By American estimates, 25 percent of the world's oil and mineral deposits are locked beneath the northern ice cap, but will become available if the world warms enough. It would not be the first time that the Arctic has been free of ice. Analysis of soil samples drilled beneath the mile-thick ice cover have shown that Greenland was in the past rich in forests, vegetation and animal life.

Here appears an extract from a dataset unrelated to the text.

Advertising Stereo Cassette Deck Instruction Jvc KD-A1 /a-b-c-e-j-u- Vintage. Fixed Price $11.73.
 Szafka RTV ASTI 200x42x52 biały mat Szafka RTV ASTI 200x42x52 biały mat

[Link: The Washington Times]

This may be one of those situations where everybody in the world is crazy but me, but I think not. Am I the only one who reads these stories of everyone scrambling for the oil riches in the Arctic and can't believe that the only concern seems to be whether the ice is going to melt fast enough and who is going to get nuked getting at all that oil? Come on guys. The reason the ice is melting is that we are burning too much oil! The best chance for the survival of our way of life, and maybe even us, is if that oil stays locked up by the ice. By the time the Arctic is ice free we will be in the throes of a massive environmental/climate shift that will alter our way of life beyond anything humanity has endured in the past and that will last indefinitely into the future. I have to believe that by that time we will have realized what we have done and removed ourselves from the hydrocarbon age.

4 comments:

Anonymous said...

This claim is bull. There is hardly any oil in that part of the world, apparently the geology is all wrong. Natural gas is perhaps another matter. As for removing ourselves from the hydrocarbon age, don't worry, mother nature will do it for us, with a nice juicy die-off.

Bill said...

Thanks for the comment. You are probably right. I hope you are. I wasn't commenting as much about the oil itself as about the huge irony of using the negative side effects of oil as a means to get more oil. It takes my breath away.

Anonymous said...

No worries Bill, but am not to sure you mean by "probably right". Were you referring to the oil in the arctic, or the die-off? I hope I am right about the first because the thing I am hoping I am wrong about (a big juicy die-off) will come to pass if we find some way to keep this whacky economic system growing for much longer!

Cheers,

John

Bill said...

I was talking about the oil but I am afraid you are probably right about the juicy die-off as well. We continue to seek solutions to our energy limits that will replace what we are losing rather than seek solutions that will allow us to adjust our consumption to what we really have. As long as that is the case we will face some sort of reckoning down the line. A stressed population living in a stressed environment can find innumerable ways to collapse and in fact the die-off will probably be a many-headed monster.